Your firm foundations are laid in the faith "as you have been taught." That's why Sunday Church School, Bible Study Classes, and personal study is so important. You are laying a foundation for your faith. The wise person builds in fair weather to be ready for foul. (See Matthew 7:24-27.) Don't wait for the storms of sickness, death and failure to break upon you before you have laid your foundations.
"The faith" in which you are established is the truths you believe (1 Timothy 4:6), preach (Galatians 1:23), contend for (Jude 3), and never give up (1 Timothy 4:1). Jesus Christ is the "chief cornerstone" of your foundation (Eph. 2:20). You must begin your foundation with him and fit everything else you believe in line with him. If you begin with something else as the cornerstone and try to fit Christ into some vacant hole, your foundation will be as "wacky" as a house of cards.
On the plains of western Kansas I heard farmers joking about the difference between agriculture and farming. "They are the same," they said, "except farming is doing it."
What's the difference between theology and thanksgiving? They are the same, except thanksgiving is doing it. Those who are walking in Christ, are rooted in Christ and built up in Christ "abound in thanksgiving."
I like to be around thankful people, don't you? And I think I know why. If they are down, they never despair; if they are up, they are never proud. They are always thankful because they look at life as a gift.
Accepting life as a gift means you can't grumble when it is bad, or brag when it is good.
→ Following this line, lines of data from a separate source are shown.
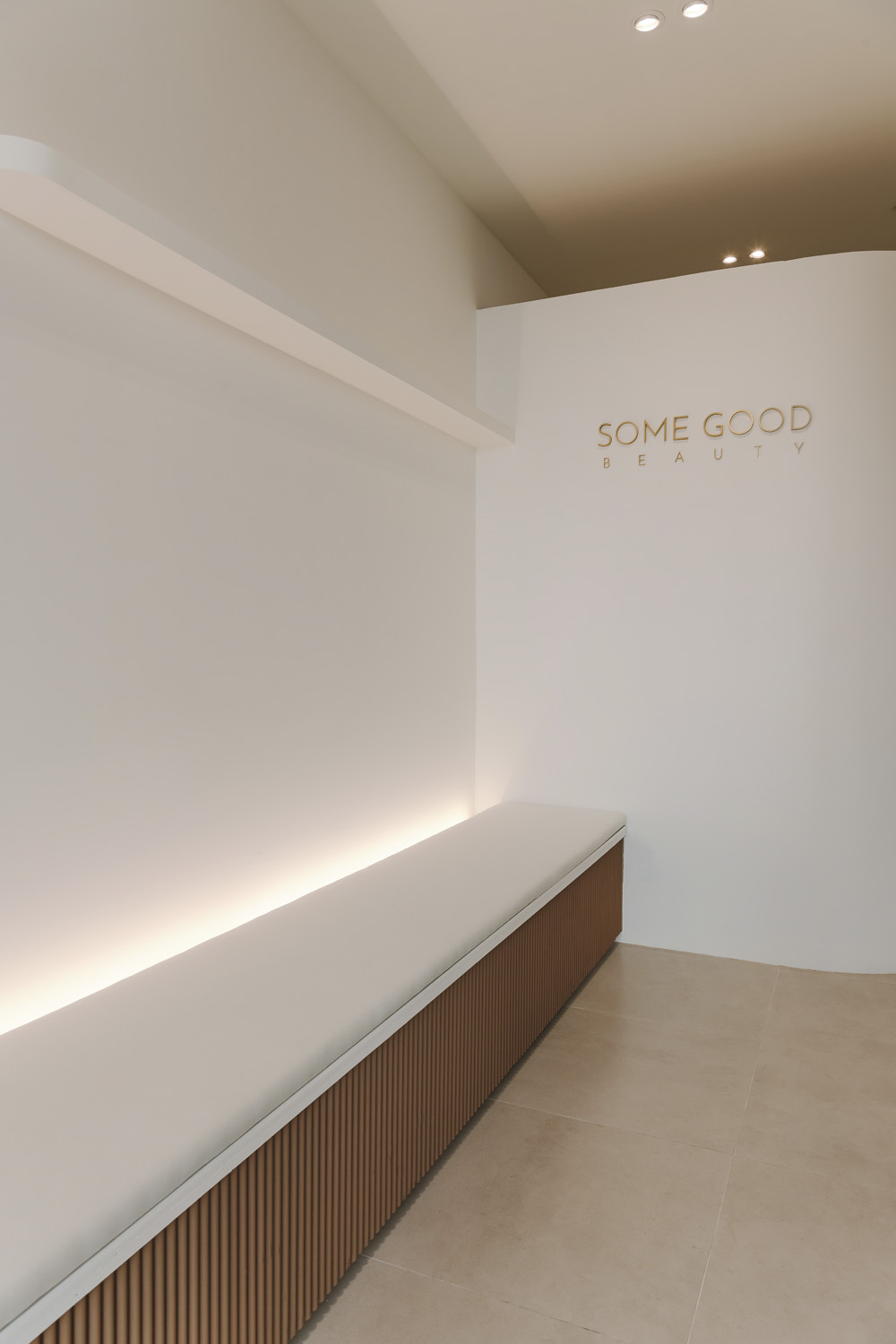 10 坪现代皮肤管理店的极简设计魅力-9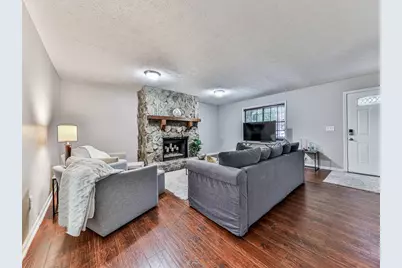 389 Saint Albans Court SW, Mableton, GA 30126 - Photo 4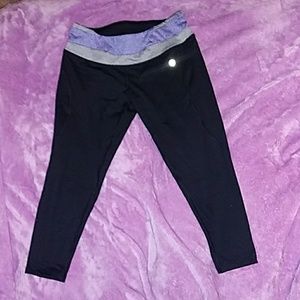 Shape active wear capri leggings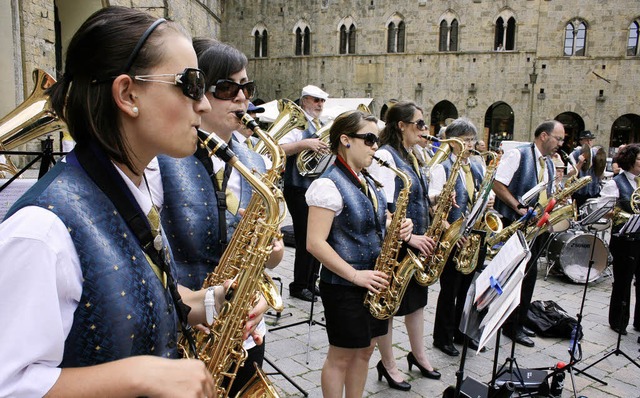 Einer der musikalischen Hhepunkte der...historischen Platz von San Gimignano.   | Foto: Josef Maier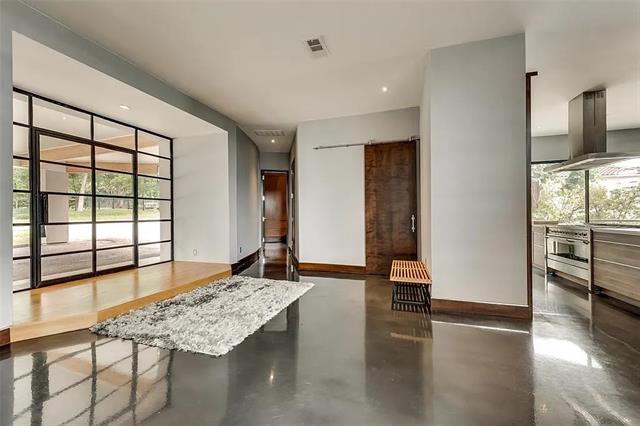 Foto del edificio - 8542 Meadowbrook Dr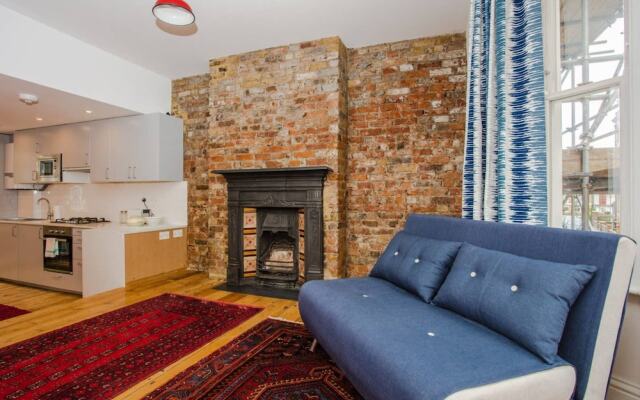 Spacious 1 Bedroom Apartment with Balcony Close to Tube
To grumble because you have less of this world's goods is to regard them as a right instead of a gift and thus to insult the Giver. To boast because you have more of this world's goods is to deny that everything you have is an unmerited favor. "Who made you superior to others?" Paul asks. "Didn't God give you everything you have? Well, then, how can you boast, as if what you have were not a gift?" (1 Corinthians 4:7)
Unlike the agnostic, the Christian knows whom to thank when he or she feels profoundly grateful. One of the sure signs of apostasy is failure to thank God (Romans 1:21). An ungrateful person is like a pig under a tree eating acorns, but never looking up to see where they come from.
Since you have received Christ Jesus the Lord, grow in your walk in him, rooted and built up in him, established in your faith and overflowing with thanksgiving. That's the life!